Every April, when the Buying & Selling eContent event gets underway in sunny Arizona, I wonder yet again about the nearly invisible role marketing plays in the econtent industry. Because of our mystery-profession status, what marketers do for an organization is often considered less important than our more tangible cousin: sales. But marketers have only ourselves to blame.
So let's start with a definition of marketing. Hmmm...Ask a dozen marketers and you get a dozen answers. It's no wonder we're misunderstood, we can't even describe what we do! Some marketers think we're all about advertising. (Or worse: branding.) But in my opinion, advertising and branding are just small parts of the marketing mix. Other people will talk about the "Four Ps:" product, place, promotion, and price. The problem with this definition is that it skips the customer; if you don't understand what the market needs first, you can't possibly put the Ps to work effectively. Too add to the mess, different marketing sub-disciplines exist, including strategic marketing, product marketing, and marketing communications.
OK smarty-pants, you say, what is marketing? I'll offer a definition by comparing marketing to sales: Sales is getting someone to buy the econtent product you have, while marketing is developing and positioning an econtent product someone will want to buy. Not perfect, but this definition comes close. (And no doubt, sales' job is a whole lot easier if their potential buyer has a good idea why they might want to buy the product in the first place.)
To make matters even more complicated, in the econtent industry, we're marketing an intangible; you can't see and touch this stuff.
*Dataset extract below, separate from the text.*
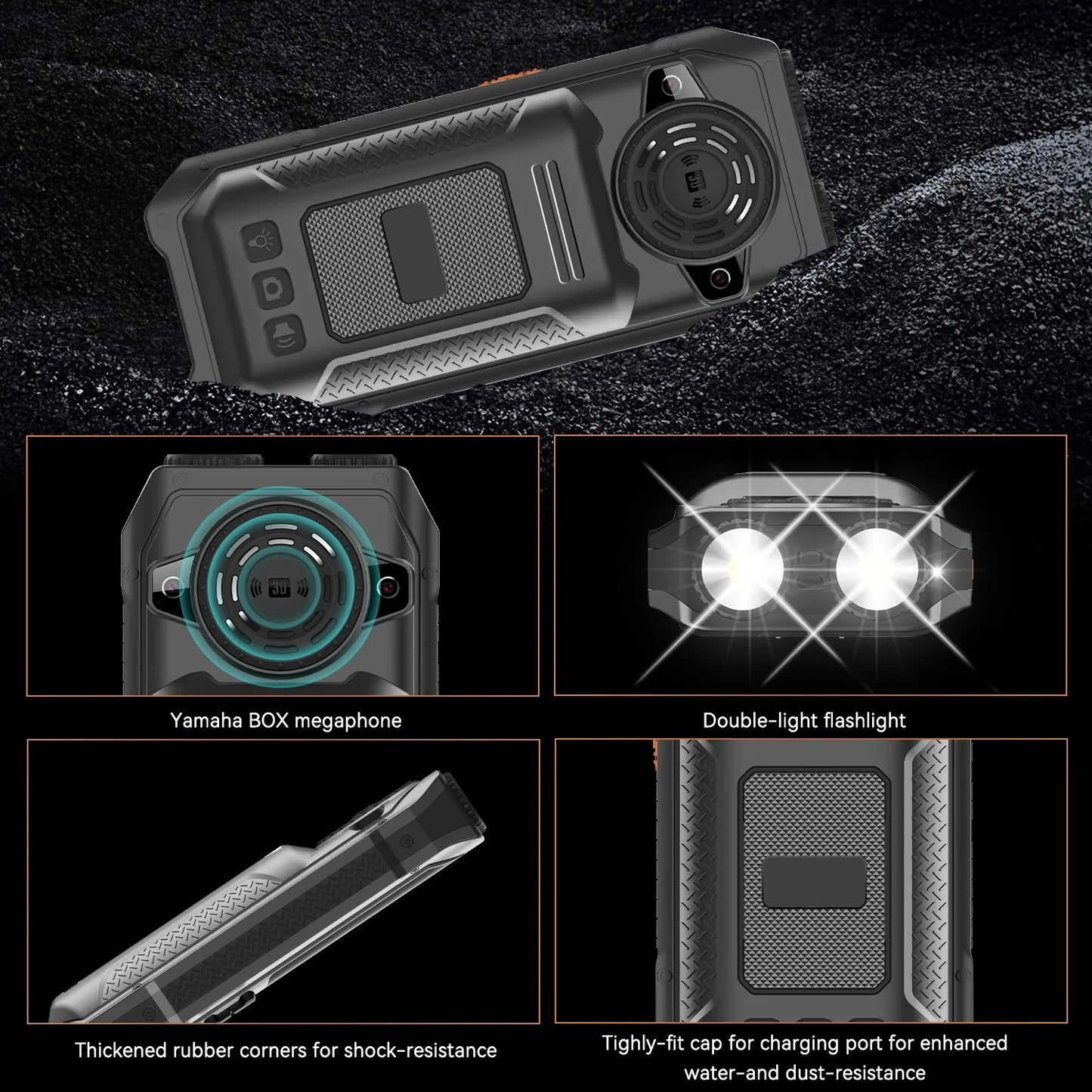 Rugged Outdoor Mobile Phone 4 Quad Sim Voice Changer Dual Torch Loudspeaker Large Button Powerbank Large Battery SOS Call Mobile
As such, many lazy or inexperienced marketers tend to focus on the wrong things like user interface or the number of sources or the speed of response. Worse, some only focus on the design, look, feel, and colors of the marketing materials. Or, pass me an aspirin, they obsess over "the brand," ugh.
Instead of focusing on the peripheral, tangible aspects of econtent, marketing professionals need to start with the customer and an understanding of what they actually do for a living. Nobody wakes up in the morning and says: "I'm going to work today and use econtent services." No, customers wake up and say things like, "I need to close a big deal in Thailand today," or "I've got to refinance the company's short-term debt," or "I need a better way to store data." If a marketer understands the motivations of the customer first, then they can build an appropriate product to meet the need. And once they know that customer and their needs, they can worry about those pesky Ps in getting the product out into the marketplace.
To put the customer first, everything we say—but particularly the Web site—must be viewed from the customer perspective. No buyer wants to go to a seller in the econtent space and stare at a site that features products (i.e., the product names). Buyers are bewildered when a marketer forces them to choose between their wonderful "econtent widget," or the even better "econtent widget express plus." No, sites that focus on products rarely succeed. Instead, buyers want to learn about econtent products and services based on what they do or the problem they need to solve. With this approach, the buyer chooses from links on a Web site such as "econtent services for international salespeople" or "econtent services for database administrators." They're sure to reach a set of information or tools designed for them. Then the marketer can effectively move that prospect into the sales cycle.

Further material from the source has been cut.